[EXERCISE AIM]: Begin at the line with "Stiftebox aus Holz" and write out every line after it, exactly, through the last line below, adding nothing.

Source data
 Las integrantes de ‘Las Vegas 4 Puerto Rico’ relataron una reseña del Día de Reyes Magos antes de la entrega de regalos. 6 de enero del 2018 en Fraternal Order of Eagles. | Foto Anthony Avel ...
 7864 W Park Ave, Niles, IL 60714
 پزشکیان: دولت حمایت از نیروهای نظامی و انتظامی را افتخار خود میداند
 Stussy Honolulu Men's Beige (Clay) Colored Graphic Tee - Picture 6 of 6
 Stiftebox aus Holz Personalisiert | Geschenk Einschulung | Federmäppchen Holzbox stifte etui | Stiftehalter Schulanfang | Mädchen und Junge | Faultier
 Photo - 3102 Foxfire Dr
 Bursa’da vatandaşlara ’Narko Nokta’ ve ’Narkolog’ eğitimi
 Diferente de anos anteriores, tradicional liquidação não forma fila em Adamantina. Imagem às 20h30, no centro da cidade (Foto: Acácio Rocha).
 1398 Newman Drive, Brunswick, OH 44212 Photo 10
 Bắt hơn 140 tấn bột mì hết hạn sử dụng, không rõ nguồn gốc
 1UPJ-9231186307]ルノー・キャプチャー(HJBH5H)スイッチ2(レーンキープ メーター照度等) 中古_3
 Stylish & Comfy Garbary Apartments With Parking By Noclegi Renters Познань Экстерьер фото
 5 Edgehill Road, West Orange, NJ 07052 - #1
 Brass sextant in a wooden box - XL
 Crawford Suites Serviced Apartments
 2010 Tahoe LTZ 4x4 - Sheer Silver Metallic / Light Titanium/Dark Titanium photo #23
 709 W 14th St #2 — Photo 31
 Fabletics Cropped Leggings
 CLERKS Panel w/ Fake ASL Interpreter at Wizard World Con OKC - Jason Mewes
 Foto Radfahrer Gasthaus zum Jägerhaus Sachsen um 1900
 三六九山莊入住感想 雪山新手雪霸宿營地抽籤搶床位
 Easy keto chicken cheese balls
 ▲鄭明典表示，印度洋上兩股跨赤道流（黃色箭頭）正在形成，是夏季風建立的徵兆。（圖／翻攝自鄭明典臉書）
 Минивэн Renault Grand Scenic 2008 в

[TASK OUTPUT]:
 Stiftebox aus Holz Personalisiert | Geschenk Einschulung | Federmäppchen Holzbox stifte etui | Stiftehalter Schulanfang | Mädchen und Junge | Faultier
 Photo - 3102 Foxfire Dr
 Bursa’da vatandaşlara ’Narko Nokta’ ve ’Narkolog’ eğitimi
 Diferente de anos anteriores, tradicional liquidação não forma fila em Adamantina. Imagem às 20h30, no centro da cidade (Foto: Acácio Rocha).
 1398 Newman Drive, Brunswick, OH 44212 Photo 10
 Bắt hơn 140 tấn bột mì hết hạn sử dụng, không rõ nguồn gốc
 1UPJ-9231186307]ルノー・キャプチャー(HJBH5H)スイッチ2(レーンキープ メーター照度等) 中古_3
 Stylish & Comfy Garbary Apartments With Parking By Noclegi Renters Познань Экстерьер фото
 5 Edgehill Road, West Orange, NJ 07052 - #1
 Brass sextant in a wooden box - XL
 Crawford Suites Serviced Apartments
 2010 Tahoe LTZ 4x4 - Sheer Silver Metallic / Light Titanium/Dark Titanium photo #23
 709 W 14th St #2 — Photo 31
 Fabletics Cropped Leggings
 CLERKS Panel w/ Fake ASL Interpreter at Wizard World Con OKC - Jason Mewes
 Foto Radfahrer Gasthaus zum Jägerhaus Sachsen um 1900
 三六九山莊入住感想 雪山新手雪霸宿營地抽籤搶床位
 Easy keto chicken cheese balls
 ▲鄭明典表示，印度洋上兩股跨赤道流（黃色箭頭）正在形成，是夏季風建立的徵兆。（圖／翻攝自鄭明典臉書）
 Минивэн Renault Grand Scenic 2008 в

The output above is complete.